Tabeth’s attitude, and that of her community, has changed since she joined a project by the Nyahunure Community Trust, supported by UN Women.
Since 2010, the Trust has been working with UN Women and local partners to bring 300 people, two-thirds of them women, into community empowerment circles. Here, activities such as trainings, discussions, community theatre, songs and traditional dance, generate awareness and skills development. Much of the training aims to alleviate the effects of climate change, and its impact on women.
Agricultural work in Zimbabwe often falls to older women, since many men and young people now migrate out of rural areas in search of better livelihoods.
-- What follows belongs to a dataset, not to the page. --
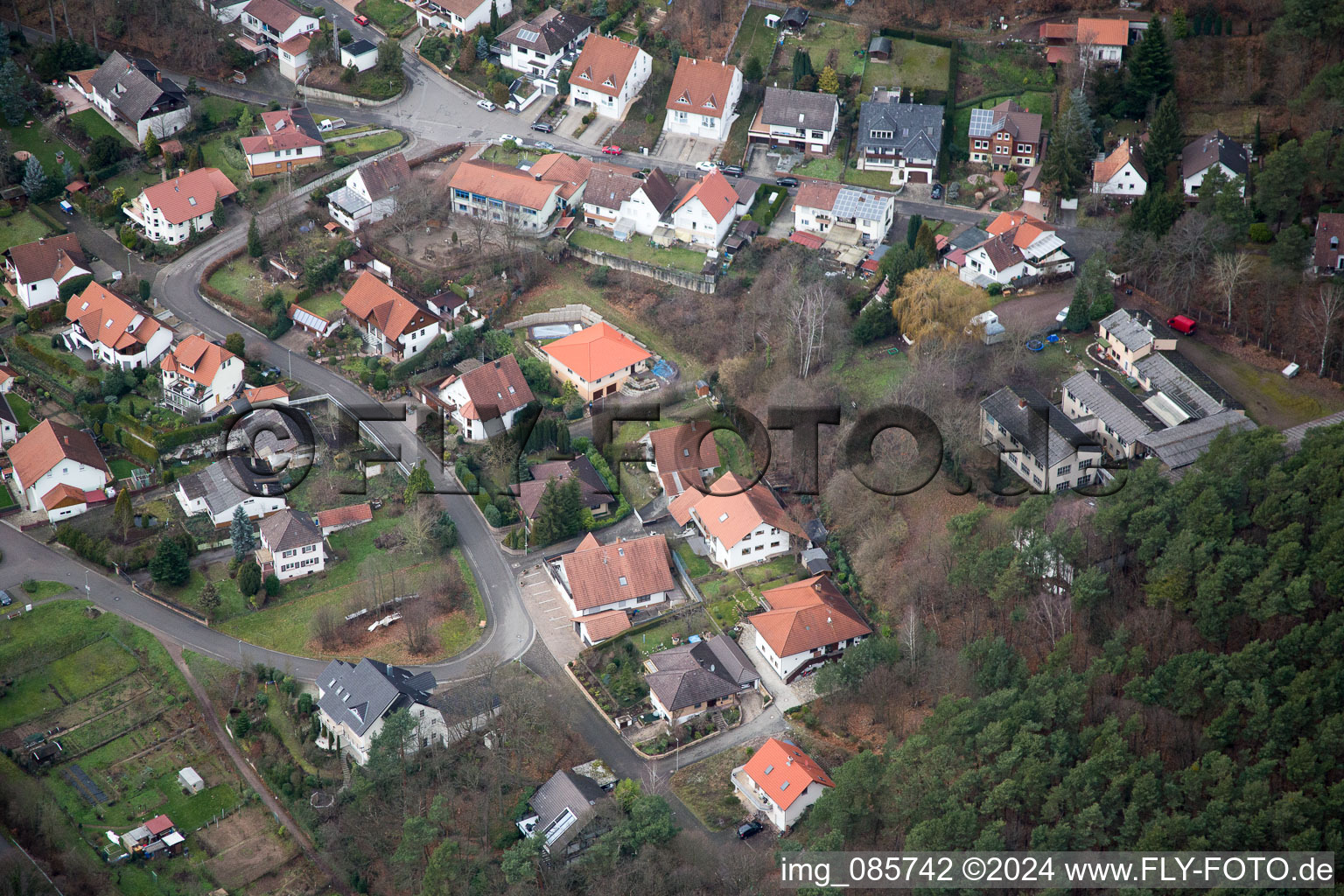 Dörrenbach in the state Rhineland-Palatinate, Germany from above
Women are left to facewith the challenges of climate change – irregular rainfall patterns, drought, and severe food shortages caused by low crop yields – while rarely being included in community decision-making. Women’s insights and experiences in preparing for disaster are overlooked, while their often lower levels of education and technical skill reduce their chance of success in politics or business, and therefore often their economic independence and personal security.
Trainers are helping the community in Mashonaland East to understand how both climate change and gender affects their lives, and livelihoods. New means of harvesting and conserving water, and enhancing carbon sinks through tree-planting and forestry preservation are being explored.
Yet through song and drama, the women in the circles have also narrated the way that poverty can fuel domestic violence, and the fights that take place when men and women don’t share spending decisions.
In 2000 Nyahunure was chosen to be part of the Global Gender Empowerment Zone programme on Human Security and Rights in the context of HIV/AIDS. Working with other UN agencies, UN Women supported skills trainings to villagers, including male care workers. It also helped Nyahunure establish a network for people living with HIV/AIDS to fight stigma, and a funeral parlour to assist the community with burials in the face of many deaths.
Economic empowerment has yielded other safety benefits too. Beauty, 52, once carried out menial tasks in return for food. She couldn’t sell at the city market because it was considered neither safe nor appropriate for women in her community – vendors must commonly wait throughout the night for it to open. “I lacked confidence as a woman that I can do things on my own,” she recalled, now a grain and butternut farmer. “I have learnt to champion the markets on my own. I now have money in the bank and can pay for a decent place to sleep while I wait for the market to open.”
When strategies to combat climate change involve women, they help build safer and healthier communities, beyond protecting the physical environment.